Pour évaluer l’effet de l’improvisation conjointe

Des outils écologiques innovants sont exploités en 2019, résultants de l’expérimentation menée en 2018. Il s’agit de mesurer les dimensions cognitives et kinesthésiques de l’attention chez les élèves et la qualité de leurs interactions. L’élaboration de protocoles qualitatifs et quantitatifs est réalisée en collaboration étroite entre chercheurs, artistes, enseignants et élèves.
Les réunions hebdomadaires entre chercheurs et enseignants permettent de réguler les activités conduites pendant les ateliers. Au sein de l’équipe pédagogique, les conseils de classe sont l’occasion d’évaluer concrètement la dynamique de classe (indicateurs vie scolaire : absences, retards, mentions à l’issue du conseil de classe).
Le climat de classe et son évolution au fil de l’année permet d’évaluer qualitativement l’impact du travail mené avec les chercheurs du CNRS. Enfin, l’évolution des relations interpersonnelles entre enseignants et élèves ou entre pairs (enseignants et élèves) est un autre indicateur qualitatif.
Les productions écrites des élèves au fil du temps permettent d’évaluer leur perception de se qui se fait en atelier. La quantité et la qualité des écrits des élèves sont des indicateurs de leur investissement dans et de leur compréhension du projet.

De décembre à juin : Conduite du projet ICREA

L’équipe du CNRS intervient auprès des élèves et leur propose de partager des pratiques corporelles variées, qui, dans un premier temps s’appuient sur le collectif. Au fil des séances, les pratiques font alterner travail collectif en grand groupe et en paire, puis travail individuel au sein d’un groupe. L’objectif est de faire prendre conscience aux élèves, par une expérience corporelle, comment leur attention peut être influencée -ou non- par le groupe, et comment eux-mêmes influent sur le groupe. Les chercheurs du CNRS collectent des données chiffrées à l’aide de tablettes et de jeux attentionnels conçus et ajustés par rapport aux besoins exprimés lors de la recherche conduite en 2018-19.

Un travail de mise en commun (une heure par semaine) des perceptions des adultes, sollicitant l’expertise des professeurs principaux (français et EPS) et celles des danseurs-chorégraphes-chercheurs qui animent les propositions d’improvisation dansée, permet de faire évoluer le regard des uns et des autres. Pour l’enseignante de français, la prise en compte des élèves dans leur corporéité et leurs interactions avec leurs pairs et les adultes du projet, l’observation des élèves dans un autre contexte que celui de la classe et la participation à des activités conjointes avec les élèves est une occasion de réfléchir aux pratiques enseignantes en classe et aux rapports avec les élèves. Pendant le confinement, de mi-mars à fin juin 2020, les adultes du projet se réunissent à distance pour réfléchir à la conduite du projet.
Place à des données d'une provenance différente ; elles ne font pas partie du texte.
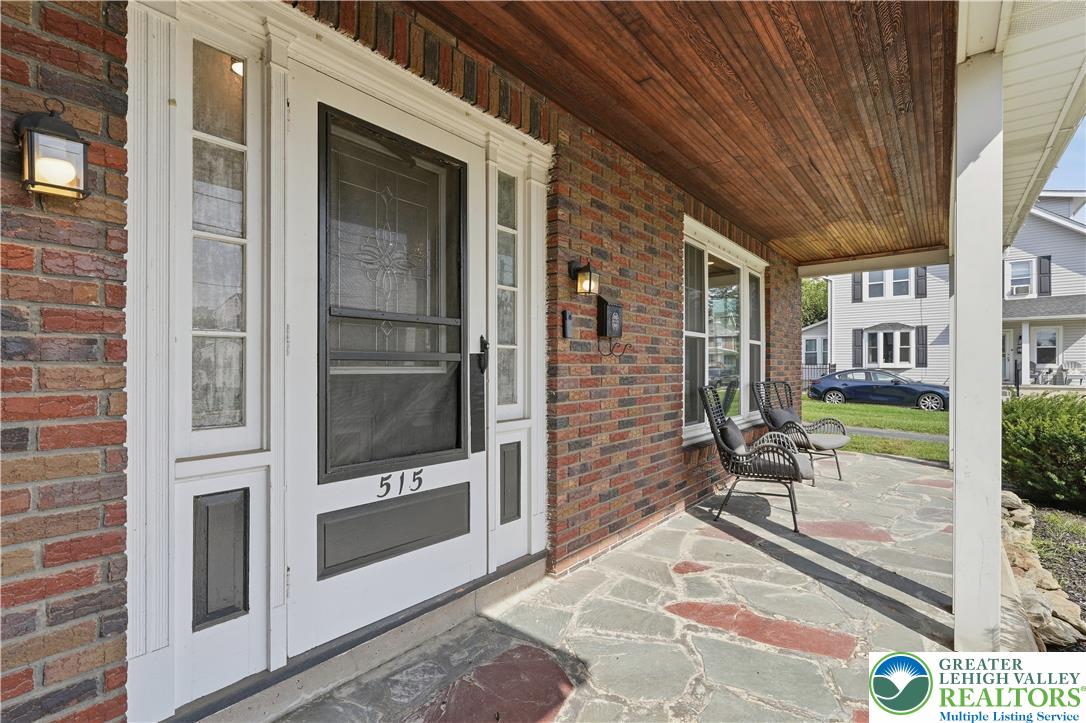 515 East 2nd Street Property Photo 4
Une séance à distance est envisagée, mais la place primordiale du corps et du rapport entre l’individu et le groupe, qui fondent la recherche, montrent les limites d’une travail à distance. Cependant, les élèves sont déçus de ne pouvoir conduire le projet à son terme et ne ne pouvoir offrir la performance de fin de projet à leurs familles. Un compromis est trouvé sous la forme d’un cahier multimédia où les élèves peuvent déposer dessins et mots à destination de l’équipe du CNRS.

Et la suite ? Transformation du projet ICREA

Les chercheurs-chorégraphes-danseurs et enseignants du collège Robert Doisneau engagés dans le projet restent convaincus, pour l’avoir expérimenté au cours de pratiques communes, de la pertinence de la pratique de l’improvisation dansée pour travailler les compétences attentionnelles. Les nombreux échanges autour des pratiques communes et la posture réflexive engendrée invitent à poursuivre dans un projet recalibré autour des équipes enseignantes, à l’échelle du collège et du REP.
La perspective de vivre cette expérience avec un groupe d’adultes enseignants de différents établissements scolaires des 1er et 2nd degrés d’un même réseau d’éducation prioritaire, pose comme postulat l’idée de développer la sensibilité des enseignants afin qu’ils soient plus attentifs à ce qui se passe dans leur environnement de classe, mais aussi à travailler la cohésion entre personnes qui se connaissent peu (ou pas), en développant la confiance, la coopération et l’entraide bienveillante.